Great video Jordan! I was wondering though would it make sense to have a distributed cache Redis style as opposed to intermediary cache replicas on the read path which can enable construction of portfolios for users? The key thing here seems to be minimization of latency and with Redis Enterprise one could scale ops/sec quite effectively for building of ticker trackers for end users. Second as an optimization - the websocket could selectively send a message to the read path that the stock tracker / pricing page is up so now send me informaiton about quotes to reduce the load on pricing servers. Finally would Vitess make sense here for horizontal sharding of the MySQL tier? This way the application does not have to implement much around horizontal sharding itself. Awesome video nonetheless ty! I tried the same problem ahead of time myself - and roughly arrived at a similar solution!

@jordanhasnolife5163 4 ай бұрын

Redis and vitess - yeah for sure. I think you're mainly describing existing technologies that implement these ideas. 2) seems like an interesting idea, then you may potentially have some cache load delay when a user first requests pricing.

@KratosProton 7 ай бұрын

Great content, keep it up!!

@Maffeos 7 ай бұрын

Quick question: in the final diagram you drew the websocket connection as not passing through the pricing service load balancer between the client and the user server. Was that intentional and does it imply websocket connections usually don't work with load balancers?

@Maffeos 7 ай бұрын

Follow-up: you mentioned another load balancer between the user server and the pricing servers earlier in the video, but it's not in the final diagram. Is that just a simplification, or does it again imply websocket connections don't work with load balancers?

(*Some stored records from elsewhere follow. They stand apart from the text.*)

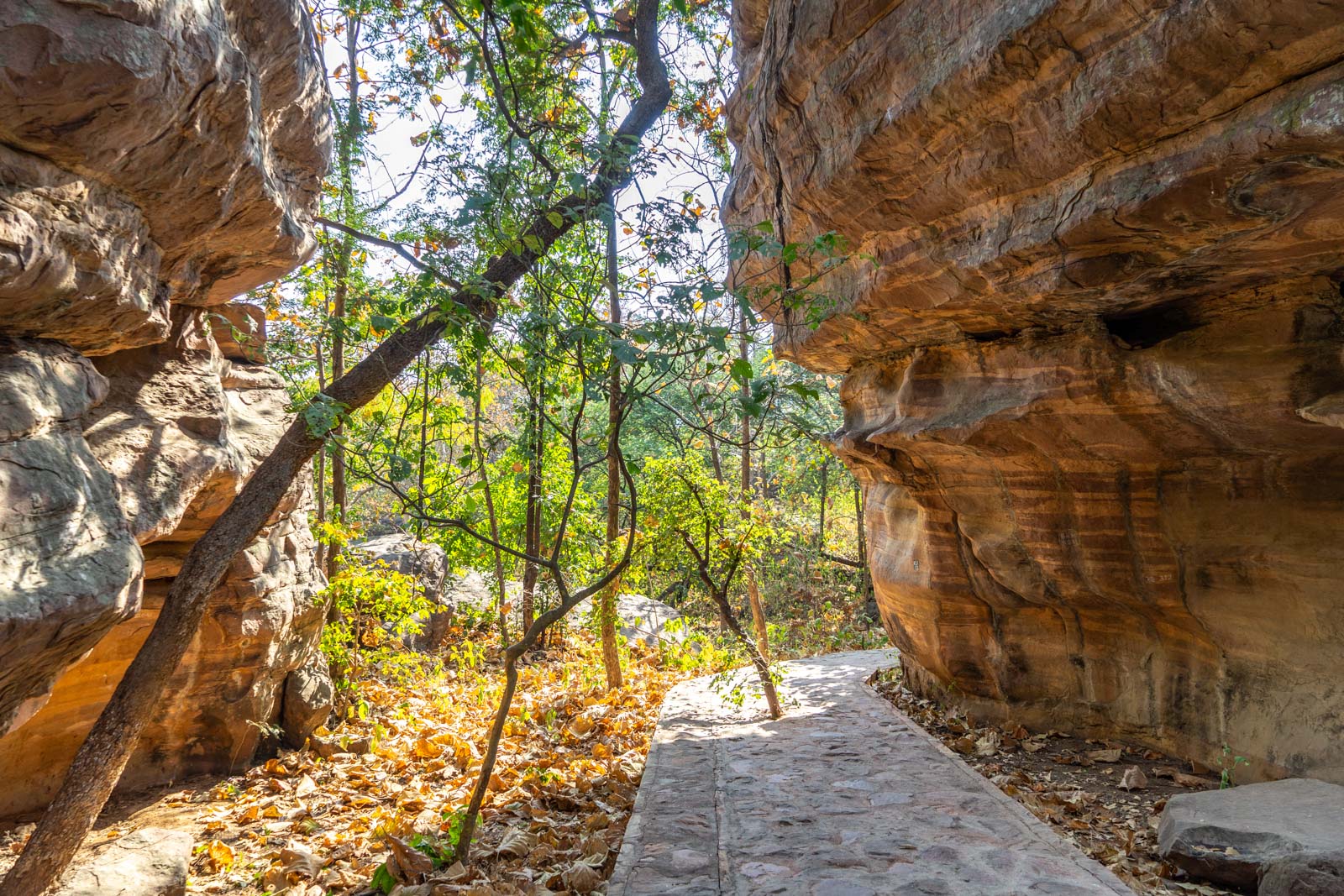 Bhimbetka Rock Shelters, Madhya Pradesh, India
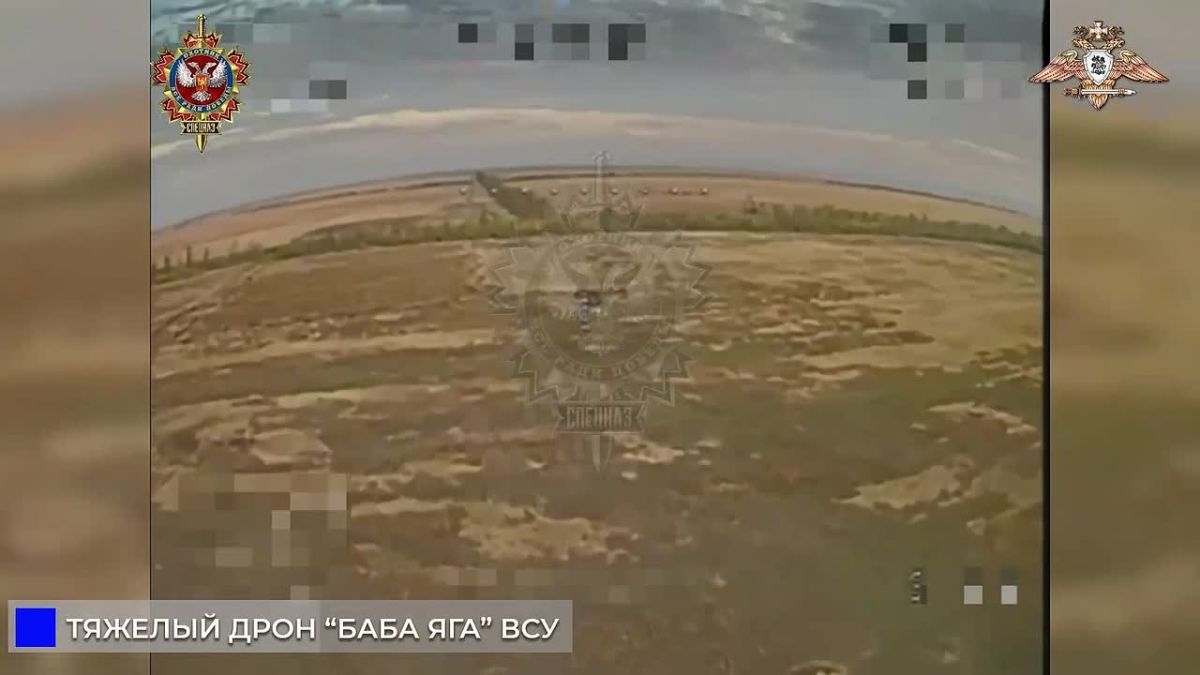 «Охотник» уничтожил несколько БЛА «Баба Яга» ВСУ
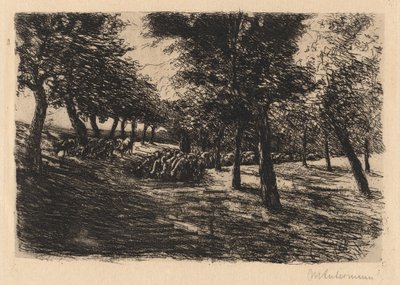 Flok får under træer af Max Liebermann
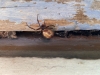 Spider in outhouse 1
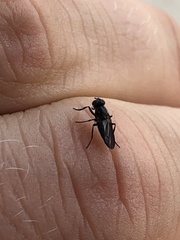Diptera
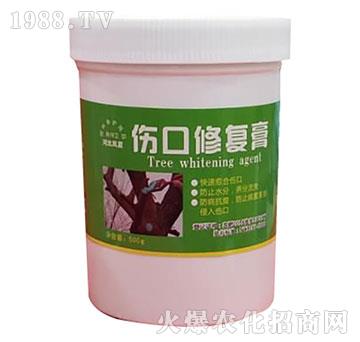 �����ޏ�(f��)��-�ӱ��P��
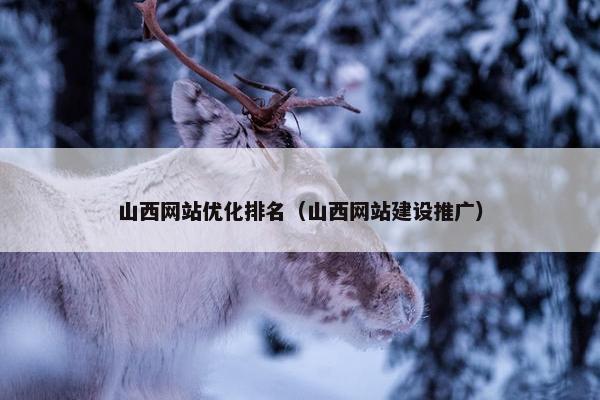 山西网站优化排名（山西网站建设推广）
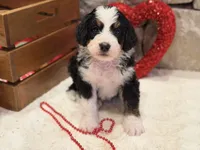 processed/b27c5c86-c3b7-4555-8192-caf5cd4d4021/listing/327bc4ad-b947-4141-96d5-65348c5675c2/6e4a1288-62c4-4ff7-b763-01bc27d6274f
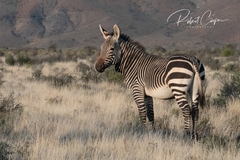 Equus zebra zebra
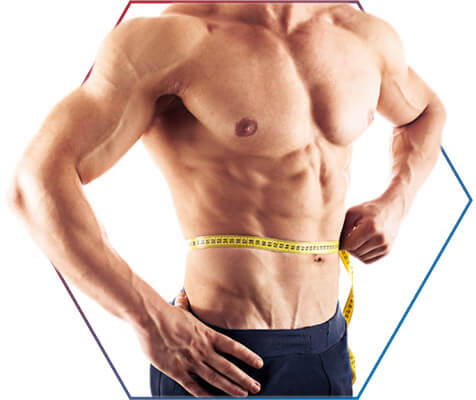 Bulking e Cutting (e-book) - Nutrição Esportiva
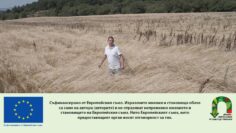 notill_AgroTV
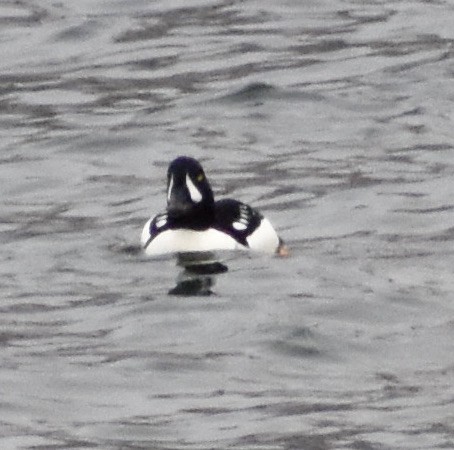 Barrow's Goldeneye - ML319239901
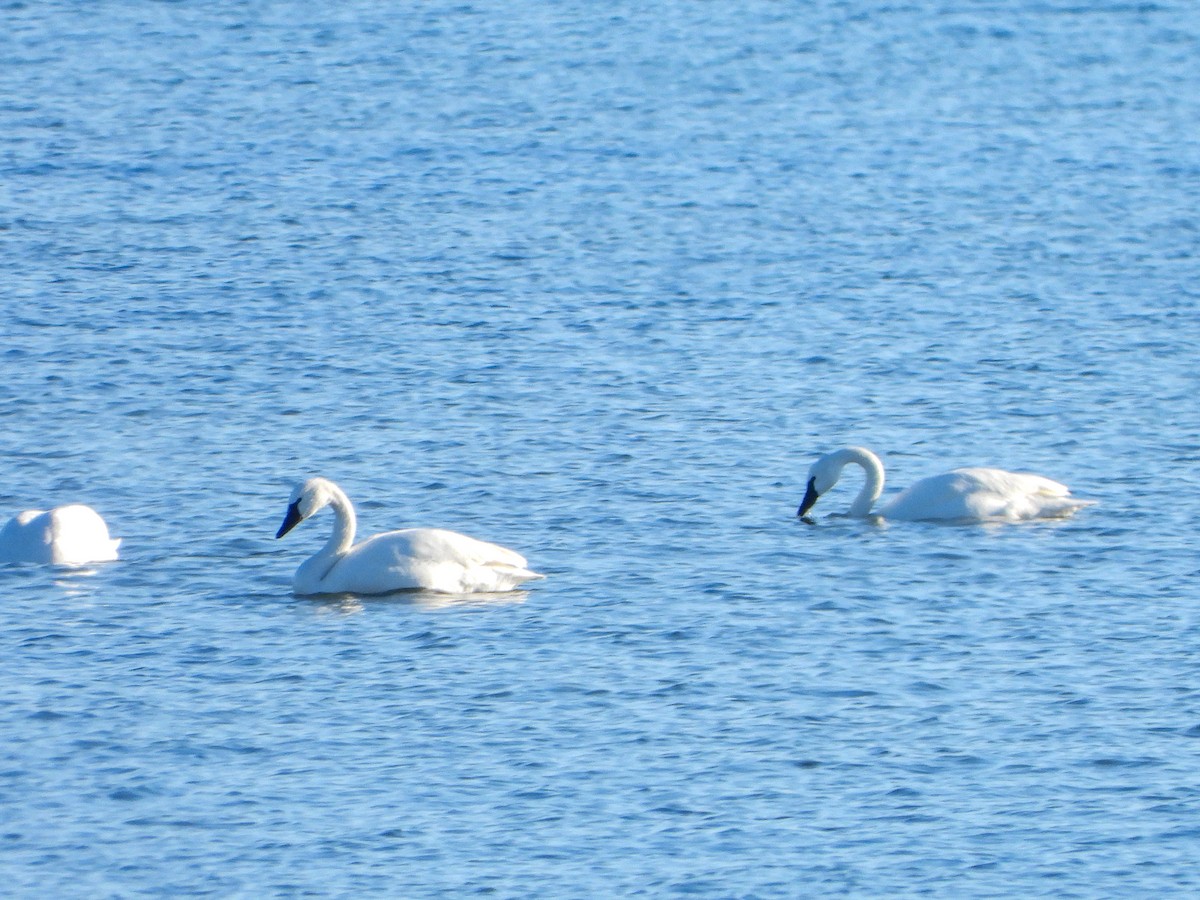 Tundra Swan - Samuel Burckhardt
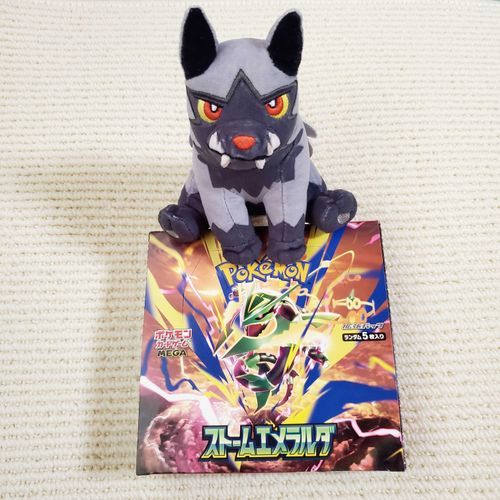 かいふう前のポケカの箱とオレ。きのうこれ引き取りに行くのにつきあった後、相棒とトイ・ストーリー5ってえいがも見たんだが……なんかいろいろ考えさせられたな。


オレも今の相棒に出会う前、ほかのばしょにいたような……あんまり思い出せねえけど。
ずっと暗いとこにいて、ボロボロだったオレを相棒がむかえてくれて、はがれたキバをキズぐすりで治してくれたんだよな……

オレとはずっといっしょだよな、相棒
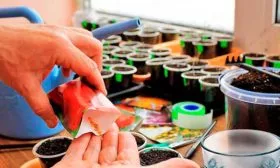 Подготовка тары и семян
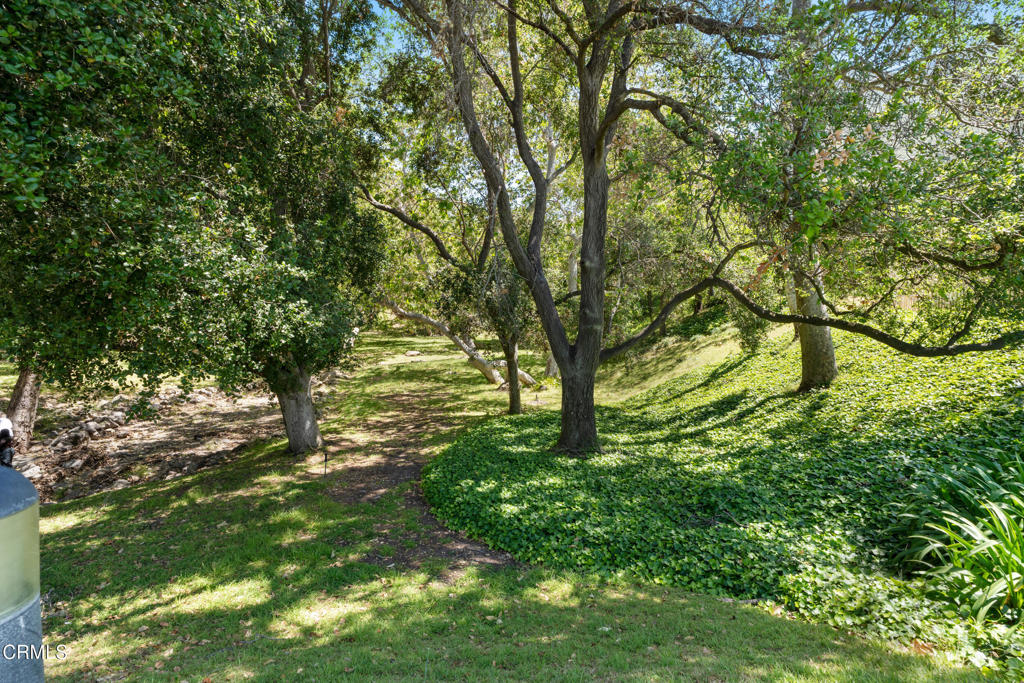 main property photo 58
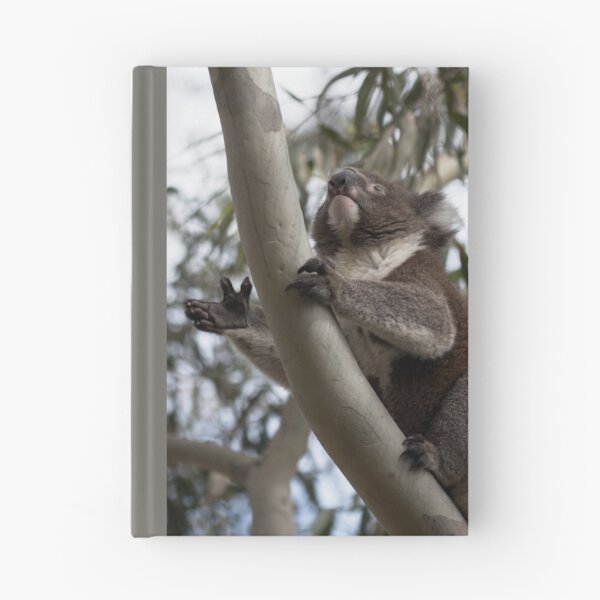 Item preview, Koala - Moving On Up designed and sold by imaginethis.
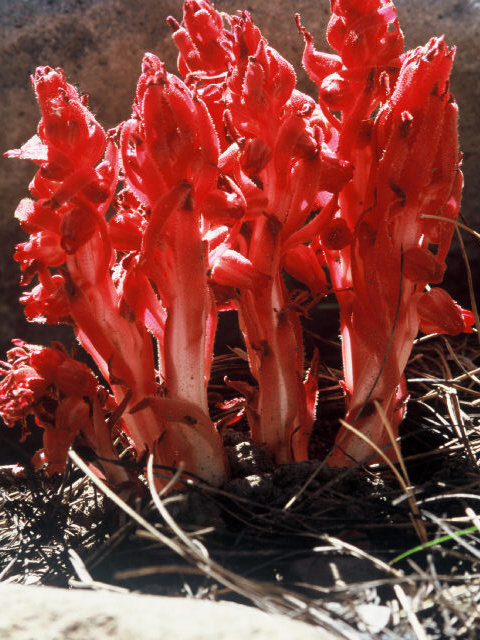 Sarcodes sanguinea (Snowplant) #20045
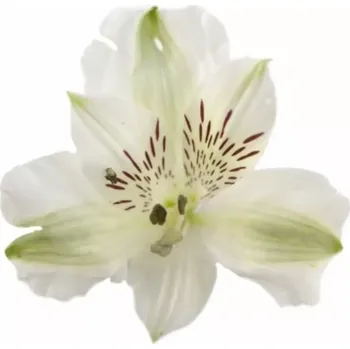 Alstroemerie Virginia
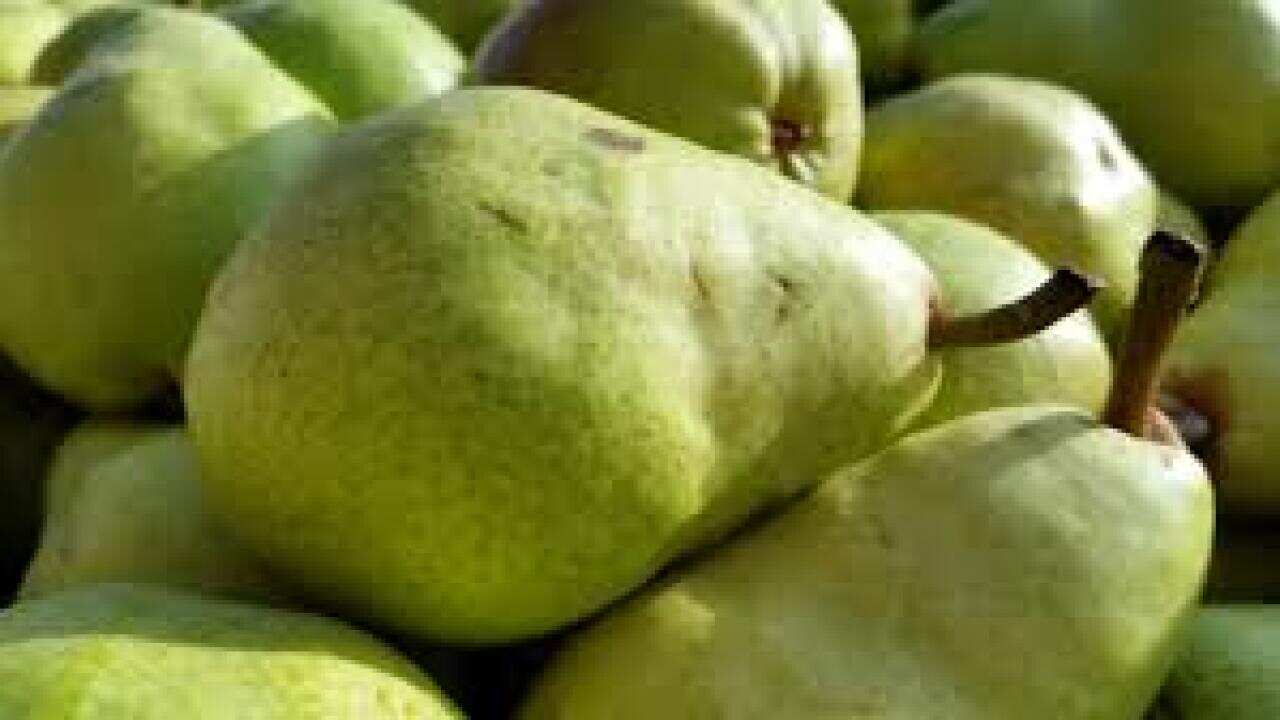 needle in pear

@jordanhasnolife5163 7 ай бұрын

The load balancer is just to help a client figure out which server it should connect to. Websockets should be 1:1 between the client and server, otherwise we have an extra network hop and everyone has to go through the LB

@Maffeos 6 ай бұрын

@@jordanhasnolife5163 making sure i understand: websocket connections don’t go through the LB, but the client still needs to use the LB first to determine which server to establish the websocket connection with, correct?

@jordanhasnolife5163 6 ай бұрын

@@Maffeos Yep!

@nikhilm9494 7 ай бұрын

Keep up the good work Jordan!

@yashaswishetty 7 ай бұрын

Thank you for the great content.. Helps us a lot

@RohitKumar29 7 ай бұрын

Really loved the content

@miry_sof 3 ай бұрын

What tool do you use for the note?

@jordanhasnolife5163 3 ай бұрын

iPad air, oneNote, apple pencil

@silversurferablaze1 3 ай бұрын

Lot of sharding there, need to clear my concept on this first 👍

@chaitanyatanwar8151 17 күн бұрын

thank you!

@sohansingh2022 7 ай бұрын

Thanks 🌹

@KratosProton 7 ай бұрын

Cool resuming now!!

@dkcjenx 4 ай бұрын

LMAO for tech lead part

@divyaundi1055 7 ай бұрын

exactly what we asked for ;)

@rydmerlin 6 ай бұрын

Where is your finance knowledge coming from?

@jordanhasnolife5163 6 ай бұрын

Muh job

@ShreeharshaV 6 ай бұрын

Thanks Jordan for a great video as usual. Small doubt in Cancelling orders workflow over here kzbin.info/www/bejne/iXLEZ6t8rqaHmdk: 1. User provides OrderId of RobinHood to API Gateway through cancelOrders API 2. Service then needs to first find out exchangeId for the corresponding orderId. How does it know which OrderIDExchangeIdMappingDB shard to look for this orderId? Reason being that DB is sharded based on ExchangeID and not OrderId.

@jordanhasnolife5163 6 ай бұрын

Ah jeez really nice catch. At least off the top of my head, I can't think of a better option than a two phase commit to two tables, one from orderId to exchangeId, and the other from exchangeId to orderId

@ShreeharshaV 6 ай бұрын

@@jordanhasnolife5163 Thanks for your response. I was wondering, can the OrderIDExchangeIdMappingDB not be shared based on OrderId, instead of ExchangeId? Cant understand the reason why it needs to be sharded by exchangeId only.

@jordanhasnolife5163 6 ай бұрын

@@ShreeharshaV Well we should have one sharded by exchange order ID because that's what we'll get back from the exchange and we need to know how to map it back to one of our orders.

@eastwest8151 4 ай бұрын

This can be done by a secondary index on internal ID if the DB supports it.

@jordanhasnolife5163 4 ай бұрын

@@eastwest8151 If it's partitioned that's gonna be rough